Anyway I was thinking back on my different stages of parenting. I actually have a neat age spacing in my children where I gave birth in my teens, 20s and then 30s. I can say that they all had their challenges and as strange as this may seem, in the early infant years my first child was the easiest to parent. I knew what to do. I had zero stress when it came to choosing what was best or right for her and I was confident in my style. I breast fed because it was natural and I stuck with it because I knew it was best. I didn't sweat over co-sleeping, or that she was equal to other children her age. I didn't push her to potty train soon because I didn't know when kids were supposed to be trained. I just listened to her, watches the signs and went with it. Everything with her from the moment I was pregnant felt natural.. I guess you could say I had a mothering instinct from the second she was conceived. So what happened? Why do I doubt some of my parenting skills and intuitions now? Because back then I didn't have magazines, cable, or a computer. I was actually states away from any of my family at all and had a husband that was gone 90% of the time. I had to go on instinct and references from my own mother. I had a total of 2 friends that were in exactly the same predicament I was in (including being young wives and mothers) and we all had the mentality of helping each other because we were all we had. No competition at all. Just help and support.

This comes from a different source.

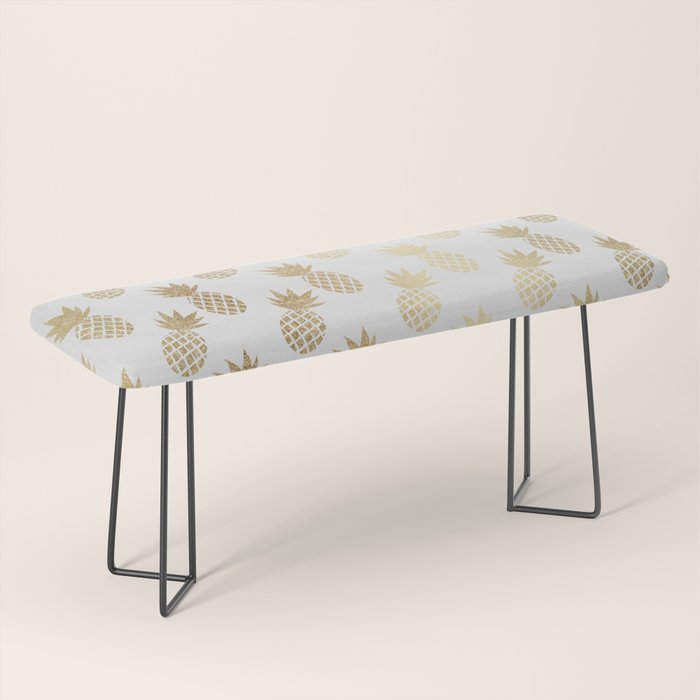 Gold Pineapple Pattern Bench Gallery Image 1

Now, I still have those same instincts and I still have supportive friends, but I have cluttered up their advice with so much CRAP! I am constantly filling my worries with words from tv, magazines, or looking up how to solve my problems on the internet. I am not saying that those mediums are not helpful at times but I think I have tricked myself into believing that someone always knows better than I do. I have forgotten how to trust my intuition and listen to my conscience, and when I speak of my conscience I believe this to be the holy spirit.
basically this is a long winded way to say that I am going to try and cut out all the "extra noise". I'm going to listen to my instincts and my heart more. I'm going to fine tune my ears to listen to only those that I trust. I mistakenly thought I had to listen to what everyone has to say to be open minded, but really if I only listen to those that I trust, I still get a variety of approaches and advice but from more reputable sources.
Duh right? I totally need God to show me the way, and sometimes he has to use neon lights and arrows to point out each baby step in front of me. I still have so much to learn.